DÉjÀ Vu

Lost and Found

Thursday, February 25, 2016

2016
IMAGE:

A group of Labrador retriever and Labradoodle guide dogs. Wikimedia Commons.

Qiaoqiao, one of only ten registered service dogs in Beijing, was stolen Monday morning, thought to be the work of thieves who have perpetrated a series of dognappings in the city. Qiaoqiao’s owner, Tian Fengbo, runs a chain of massage parlors, and an assistant was walking the Labrador retriever when a group of men snatched the dog. The disappearance was covered widely in a country where service animals are rare. On Tuesday evening the dog reappeared with a note attached: “Please forgive us.” The New York Times reported: 

The Beijing police said on their official Weibo account that the dog’s return was the result of the high level of public interest in the dog’s disappearance. An assistant to Mr. Tian, who operates a massage parlor chain, was walking the dog Monday morning when men in a gray van stole her.

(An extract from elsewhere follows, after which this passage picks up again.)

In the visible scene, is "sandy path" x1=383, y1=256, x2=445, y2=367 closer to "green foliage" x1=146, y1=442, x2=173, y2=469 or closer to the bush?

“It seems the suspects in Qiaoqiao’s theft have recognized their error,” said the Beijing police statement. “We hope they will take a step forward, give themselves up as soon as possible, explain the situation and strive to be treated leniently.”

1931
IMAGE:

Seeing-eye dog in training, c. 1930. Morristown & Morris Township Public Library.

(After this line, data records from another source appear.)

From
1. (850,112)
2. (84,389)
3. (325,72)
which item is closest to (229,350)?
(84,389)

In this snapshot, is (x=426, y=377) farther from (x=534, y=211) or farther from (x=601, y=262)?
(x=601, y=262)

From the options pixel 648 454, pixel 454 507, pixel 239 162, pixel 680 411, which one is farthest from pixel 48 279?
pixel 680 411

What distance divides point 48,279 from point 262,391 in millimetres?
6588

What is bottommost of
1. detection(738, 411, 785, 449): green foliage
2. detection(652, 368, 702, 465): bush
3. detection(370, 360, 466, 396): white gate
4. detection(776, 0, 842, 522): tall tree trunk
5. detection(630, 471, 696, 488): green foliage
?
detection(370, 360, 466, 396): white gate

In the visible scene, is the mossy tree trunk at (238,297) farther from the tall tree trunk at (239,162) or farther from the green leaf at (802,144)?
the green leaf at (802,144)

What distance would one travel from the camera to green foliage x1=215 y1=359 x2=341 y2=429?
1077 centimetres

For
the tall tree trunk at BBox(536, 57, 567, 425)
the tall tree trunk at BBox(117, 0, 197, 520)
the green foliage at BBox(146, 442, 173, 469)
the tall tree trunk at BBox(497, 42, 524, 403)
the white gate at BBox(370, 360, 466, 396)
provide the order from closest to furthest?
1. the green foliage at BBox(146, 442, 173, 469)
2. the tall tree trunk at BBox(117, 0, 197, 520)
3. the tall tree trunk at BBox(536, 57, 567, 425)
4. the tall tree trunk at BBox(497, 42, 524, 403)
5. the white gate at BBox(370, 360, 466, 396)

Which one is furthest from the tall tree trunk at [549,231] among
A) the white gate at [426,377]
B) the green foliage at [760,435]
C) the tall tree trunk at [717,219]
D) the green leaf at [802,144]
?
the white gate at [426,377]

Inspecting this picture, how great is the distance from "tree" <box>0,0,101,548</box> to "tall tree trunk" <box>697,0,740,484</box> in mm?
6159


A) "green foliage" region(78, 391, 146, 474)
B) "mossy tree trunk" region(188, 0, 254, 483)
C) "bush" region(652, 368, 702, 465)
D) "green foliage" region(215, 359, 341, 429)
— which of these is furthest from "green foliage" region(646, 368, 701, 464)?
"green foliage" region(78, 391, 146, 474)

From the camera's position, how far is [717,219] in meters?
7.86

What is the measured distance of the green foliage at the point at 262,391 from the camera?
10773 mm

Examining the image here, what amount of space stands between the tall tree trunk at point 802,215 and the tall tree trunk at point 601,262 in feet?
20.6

The organized training of dogs to assist the blind was first implemented to serve veterans in Germany during World War I, but the practice wasn’t introduced in the United States until the late 1920s. One early recipient of American-trained dogs was Gordon Lathrop, whose service dog, a German shepherd named Millie, provided him with a great degree of freedom—though not without the occasional interruption. In a 1931 Los Angeles Times story, Lathrop recounts Millie’s brief adventure away from home—and the changes they both faced upon her return:

Seven hours after her disappearance she was brought in by a policeman. She came to me with head low. She crouched on the floor and licked my shoes, but not in abasement nor even in whole-hearted humility. She was apologizing to me for something, but her attitude was not that of a dog caught in wrongdoing and expecting punishment. I could not analyze her state of mind. I did not try very hard; I was so glad to have her back. I did not even punish her when, after a mildly punitive chaining of her to the leg of the table, she leaped to the top and ravenously devoured half a pound of butter carelessly left there.

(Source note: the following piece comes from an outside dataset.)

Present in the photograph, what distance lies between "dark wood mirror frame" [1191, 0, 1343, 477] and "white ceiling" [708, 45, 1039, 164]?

She had never done such a thing before and this, in connection with her attitude upon returning only at the behest of the policeman, made me ponder in a new direction. Millie’s attitude and behavior, I saw, was that of one who is apologetic but yet not wholeheartedly so. She was sorry. She regretted her disobedience, was sorry to have caused me worry and trouble, but on the other hand she wasn’t a bit sorry for what she had done. He stealing of the butter was rank defiance of the disciplining process to which mad had put her through. She didn’t care whether she was in for a “licking” or not. She had more important business at that particular time than hauling around a blind man.

In June, I was presented by her with four male puppies.